Bells are such a beautiful sound. For me there is are pleasant remembrances of childhood Sundays, but the bells themselves are marvellous, the deep chime thrillings through the thick metal, leaving behind its echo for an instant, before tumbling into the next strike; creating a chain of cadence that almost catches into tune, so you find yourself humming tiny snatches of sound that never quite become a melody.

As my room is less than 100 metres from the beautiful Passionist basilica and only slightly more from the bell tower, I enjoy the full concert on Sunday mornings, with the shutters and windows flung wide to the azure sky and the sunlight streaming in. No alarm clock can beat this!

Tonight it is 23.30 pm, and in the city streets below, someone has begun to drum the ancient marching tune, dum dum, dum dum dum - and now that they have our attention, they are speaking through a loud speaker, and now comes the full band, a martial tune thrilling the night air and sounding above even the whine of the electric mini buses as they flicker along the road. It is all very exciting, but it is also in Italian, so I can enjoy the music but not the meaning! Ho! it seems one of the many local dogs shares the excitement and has begun to sing along with the snatched choruses of opera, and respond to the powerful interspersing declamations!

The sounds of the city's symphony drift into the night, as do I ...

To wake with the traffic noises and chattering of birds in the few moments before dawn pushes in through the window.

In the half darkness, the sounds are intense and encompassing, nature continuing her busy life under, over and around the noises of humanity. Wherever she has a chance, nature finds a little space, and here in the gardens there is plenty of room for the wild as well as the cultured.
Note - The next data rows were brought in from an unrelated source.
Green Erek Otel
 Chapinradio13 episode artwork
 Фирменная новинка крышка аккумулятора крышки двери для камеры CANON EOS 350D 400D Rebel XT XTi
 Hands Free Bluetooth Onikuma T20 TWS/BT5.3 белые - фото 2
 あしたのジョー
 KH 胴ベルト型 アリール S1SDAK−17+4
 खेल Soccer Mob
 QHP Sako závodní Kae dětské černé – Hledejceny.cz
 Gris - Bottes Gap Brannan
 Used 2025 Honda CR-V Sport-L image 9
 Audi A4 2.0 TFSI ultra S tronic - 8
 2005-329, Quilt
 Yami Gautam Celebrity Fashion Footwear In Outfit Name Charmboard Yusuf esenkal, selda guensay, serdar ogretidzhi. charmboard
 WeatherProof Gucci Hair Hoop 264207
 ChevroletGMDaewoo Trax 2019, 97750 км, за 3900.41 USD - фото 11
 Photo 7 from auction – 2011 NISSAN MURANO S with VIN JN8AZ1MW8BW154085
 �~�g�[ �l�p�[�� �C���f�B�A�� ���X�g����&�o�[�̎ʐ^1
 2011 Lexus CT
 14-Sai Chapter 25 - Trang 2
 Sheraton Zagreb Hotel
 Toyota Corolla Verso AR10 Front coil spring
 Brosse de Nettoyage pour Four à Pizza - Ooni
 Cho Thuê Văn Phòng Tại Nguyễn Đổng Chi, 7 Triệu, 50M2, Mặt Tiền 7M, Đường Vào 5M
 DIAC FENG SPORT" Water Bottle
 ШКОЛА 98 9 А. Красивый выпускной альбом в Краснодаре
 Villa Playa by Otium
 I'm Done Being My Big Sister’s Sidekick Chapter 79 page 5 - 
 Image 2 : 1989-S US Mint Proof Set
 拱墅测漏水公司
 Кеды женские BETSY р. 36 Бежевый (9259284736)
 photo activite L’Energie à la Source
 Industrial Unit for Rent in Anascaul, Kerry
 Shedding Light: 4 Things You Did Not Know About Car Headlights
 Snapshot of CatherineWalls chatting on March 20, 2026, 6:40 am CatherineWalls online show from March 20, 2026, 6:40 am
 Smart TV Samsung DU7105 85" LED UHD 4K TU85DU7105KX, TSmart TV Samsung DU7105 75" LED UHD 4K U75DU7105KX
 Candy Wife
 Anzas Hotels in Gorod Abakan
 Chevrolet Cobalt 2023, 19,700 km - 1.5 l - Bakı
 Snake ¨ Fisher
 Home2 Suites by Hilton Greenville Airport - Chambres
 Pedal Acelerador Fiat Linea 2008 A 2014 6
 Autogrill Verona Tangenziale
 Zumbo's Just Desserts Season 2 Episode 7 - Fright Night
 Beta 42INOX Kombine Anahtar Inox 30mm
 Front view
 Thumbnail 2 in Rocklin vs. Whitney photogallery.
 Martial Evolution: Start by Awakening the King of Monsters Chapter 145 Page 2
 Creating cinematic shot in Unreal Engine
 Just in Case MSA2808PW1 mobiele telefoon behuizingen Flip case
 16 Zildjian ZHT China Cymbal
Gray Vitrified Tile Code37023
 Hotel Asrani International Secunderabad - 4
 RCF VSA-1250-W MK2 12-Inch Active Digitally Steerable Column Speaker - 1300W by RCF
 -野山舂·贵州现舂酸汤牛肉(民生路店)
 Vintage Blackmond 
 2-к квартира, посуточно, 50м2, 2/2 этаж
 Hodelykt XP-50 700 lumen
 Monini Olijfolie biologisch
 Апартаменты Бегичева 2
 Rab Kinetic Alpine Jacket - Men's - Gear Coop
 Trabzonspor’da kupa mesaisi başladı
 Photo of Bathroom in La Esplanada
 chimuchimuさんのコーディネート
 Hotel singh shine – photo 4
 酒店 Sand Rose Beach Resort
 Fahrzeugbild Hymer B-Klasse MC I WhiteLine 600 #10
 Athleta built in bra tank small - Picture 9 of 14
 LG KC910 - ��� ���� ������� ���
In the house, distant sounds of doors opening and footsteps can be heard, as the early risers begin their day, in work or in contemplation.

The Roman, perhaps Italian attitude to leisure is somehow exemplified in the absence of 'lounge' chairs. There are chairs, yes, some of them very, very gorgeous, some amazingly comfortable, but the few easy chairs that dot this huge house owe nothing to the Italian influence. Check out this site, http://www.designboom.com/history/easy_role.html , and note the difference between the Italian style armchair and that of any other nation. See anything interesting? Yep, that's right, the Italian armchair looks just like an ordinary chair, while the other chairs look like something you might just flop into at the end of a long day and have a nice snooze!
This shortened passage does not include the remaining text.